Ninety-four subjects (myopes aged 9-14 years) participated in the study for a period of 2 years. Half were given the full correction for full time wear and the other half was the under-corrected for a maximum visual acuity of 6/12 as part of a full examination. The exclusion criteria included more than 2 diopters of astigmatism in each eye, significant binocular problems, and abnormal ocular health.
The results of the 2 year study demonstrates a mean progression in the under-corrected group of -1.00D while in the fully corrected group, there was an increase of -0.77 D. The study shows no significant differences in other ocular parameters nor in the reading hours.
Some considerations about the methodology should be brought to the forefront.
- The authors speak about a full optometric routine examination, but what is included in this examination?
- How was “no binocular vision problems” determined ? What testing was completed ?
- Follow up was performed every 6 months. Why was it not appropriate to get an appointment as soon as the subject noticed a decrease in his acuity ?
- The study used a coin-toss method for randomization which was well explained
- The initial refraction was on average -2.68 D but one could question if this was already too late or too high an amount to start off patients. What if they started with children with less myopia or myopia that had just started ?
Are there any other alternatives/recommendations to the criteria ?
The criteria of a VA of 6/12 seems to be inappropriate because crisper vision in school is needed for distance activities. No binocular vision testing appears to have been completed!
Interestingly, the research seems to demonstrate that during the first six months that the axial length did not change in either group, but there was already a change in the level of myopia! We could conclude there is a lag between the functional change and the organic change. Could we conclude that function leads the organ? In my opinion, a six month period for check ups is too long. I would recommend a 3 month period or sooner if a change in vision was reported.

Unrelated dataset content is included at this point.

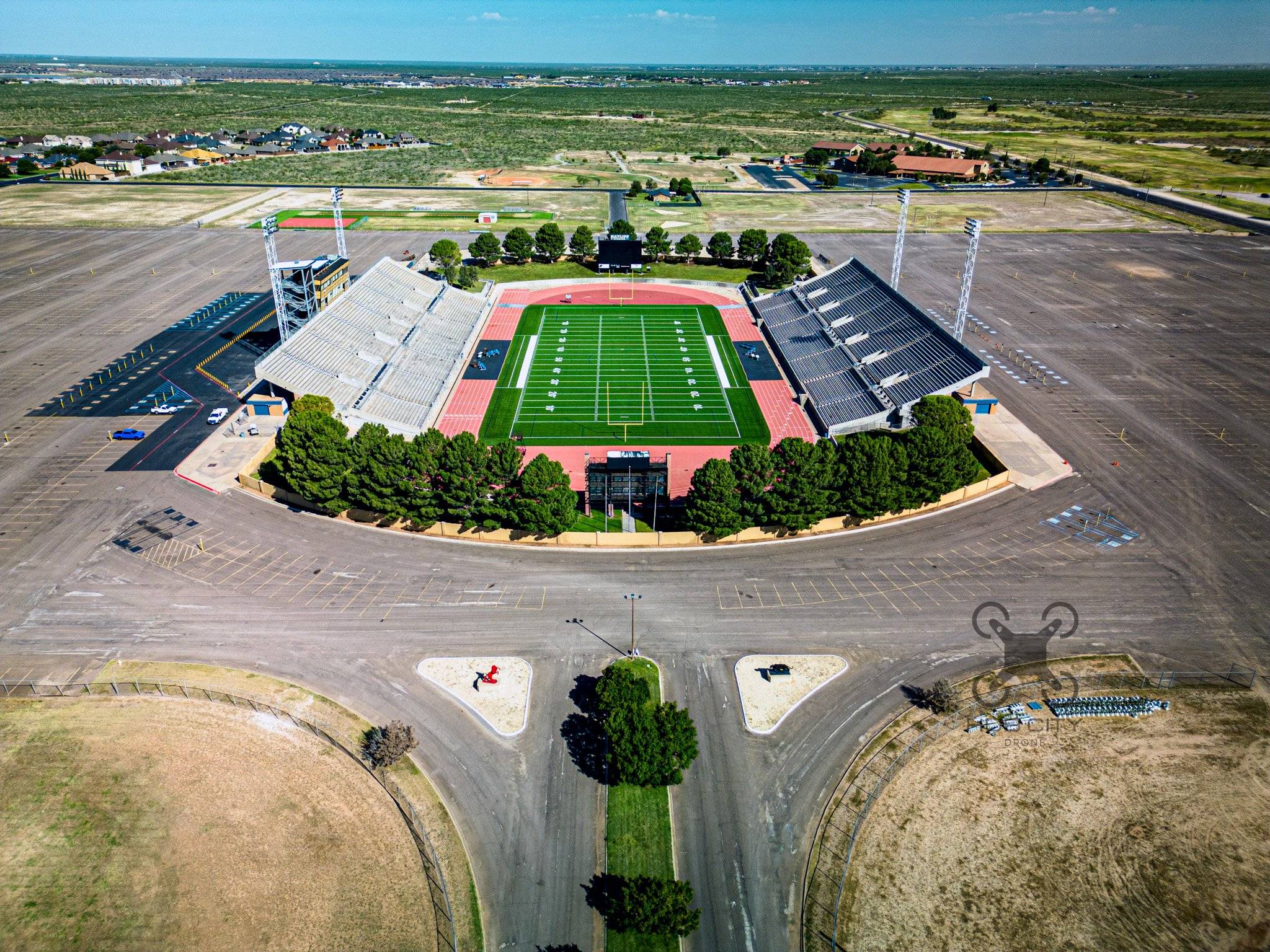 https://thedroningcompany.com/images/251/gallery/63751b8316a80.jpeg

Was the purpose of this research to demolish ideas, or perhaps create some awareness on how to lead visual care? As readers and eye care specialists, it is our role and responsibility to look closely. Reading just the title and the abstract is not enough and may mislead our judgment, and worse, mislead our patients. When reading new information we need to fully understand and have a positive but critical attitude to get and to share the right information for the benefit of our patients.